Please set down exactly the lines of the listing below from the line containing "[경영학] 삼성반도체산업 성공요인분석-10" through the line containing "0 暴风OC显卡评测 散热表现惊艳", both lines included, leaving out all other lines.

INPUT DATA:
'''

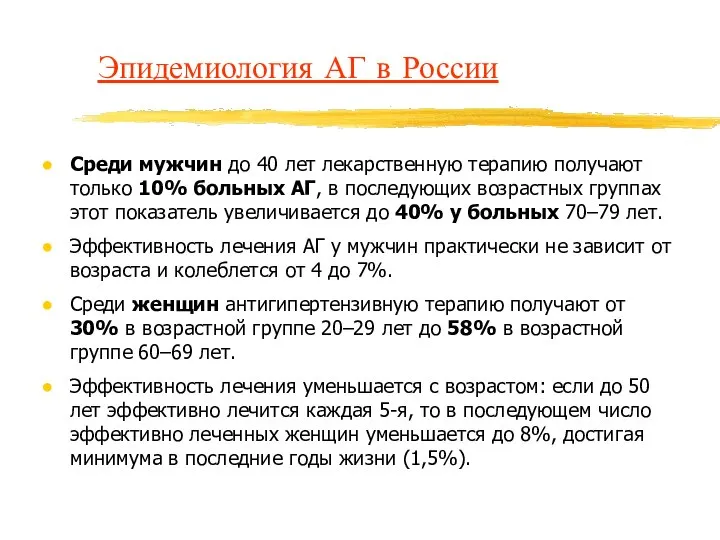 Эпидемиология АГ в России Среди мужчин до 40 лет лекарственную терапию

'''
'''

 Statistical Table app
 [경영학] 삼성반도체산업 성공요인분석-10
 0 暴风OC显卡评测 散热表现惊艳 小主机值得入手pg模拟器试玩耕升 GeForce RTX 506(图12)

'''

WRITTEN RESPONSE:
 [경영학] 삼성반도체산업 성공요인분석-10
 0 暴风OC显卡评测 散热表现惊艳 小主机值得入手pg模拟器试玩耕升 GeForce RTX 506(图12)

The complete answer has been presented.